=== Task material ===

---------------

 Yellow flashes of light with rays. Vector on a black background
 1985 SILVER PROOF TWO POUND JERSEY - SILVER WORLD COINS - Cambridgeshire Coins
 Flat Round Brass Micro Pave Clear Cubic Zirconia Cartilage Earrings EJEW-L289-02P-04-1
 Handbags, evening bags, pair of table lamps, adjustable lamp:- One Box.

---------------

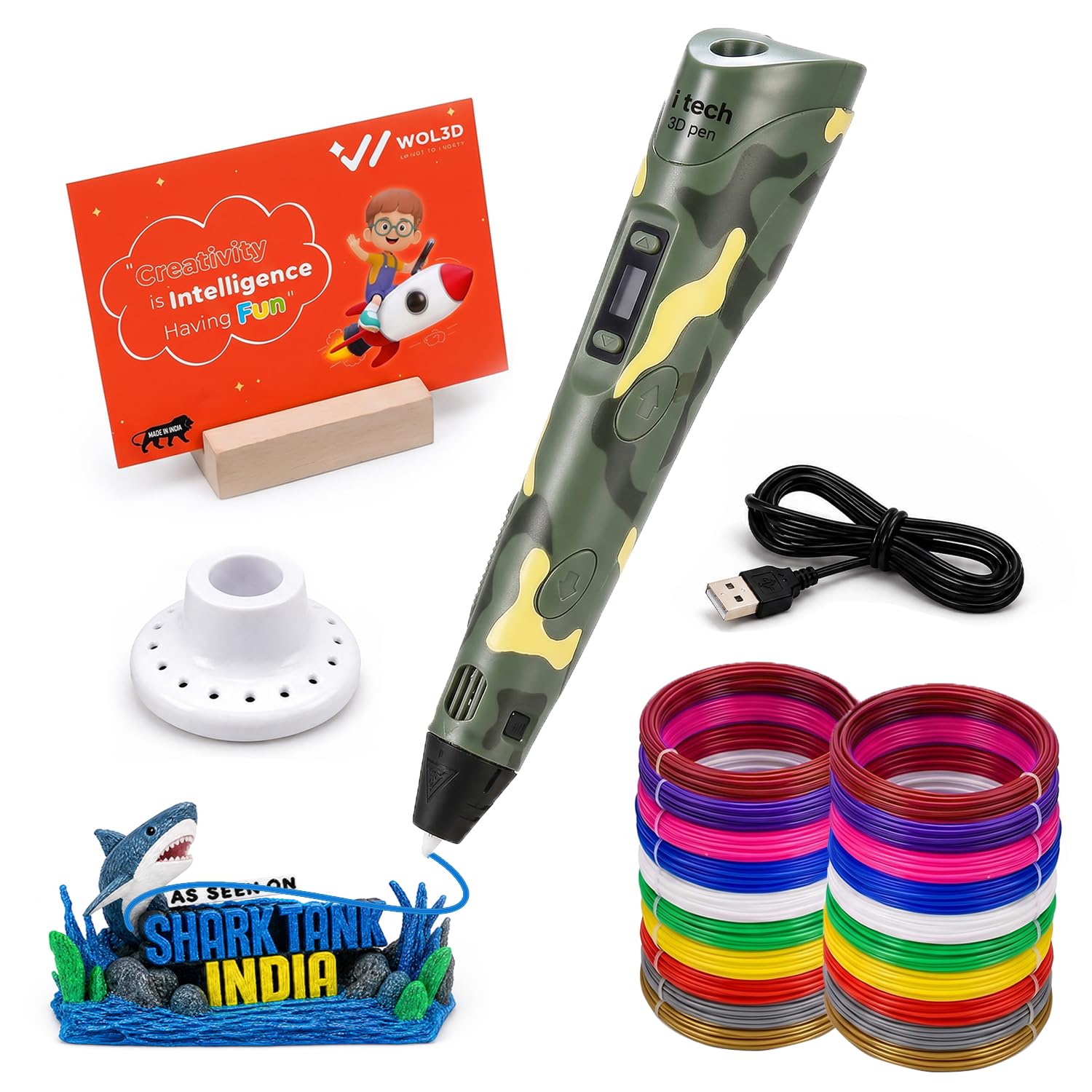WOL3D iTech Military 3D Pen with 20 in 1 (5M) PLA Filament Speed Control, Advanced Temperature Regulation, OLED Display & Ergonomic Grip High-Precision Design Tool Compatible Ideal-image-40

---------------

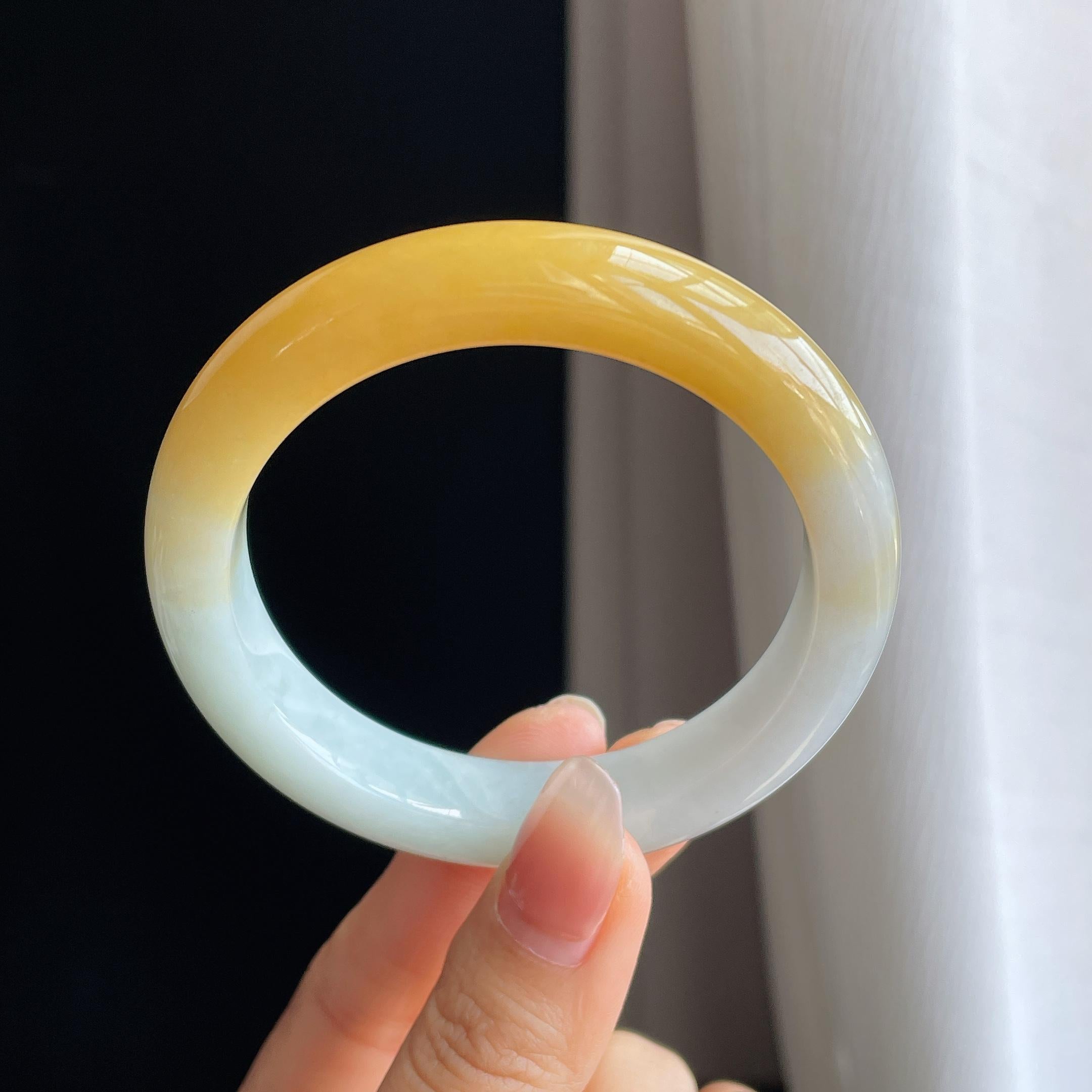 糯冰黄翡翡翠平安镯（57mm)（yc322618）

---------------

=== How to complete this task ===
Retype exactly the span of lines from the one with "Flat Round Brass" through the one with "Handbags, evening bags, pair"; include both ends and omit the rest of the material.

=== Answer space ===
 Flat Round Brass Micro Pave Clear Cubic Zirconia Cartilage Earrings EJEW-L289-02P-04-1
 Handbags, evening bags, pair of table lamps, adjustable lamp:- One Box.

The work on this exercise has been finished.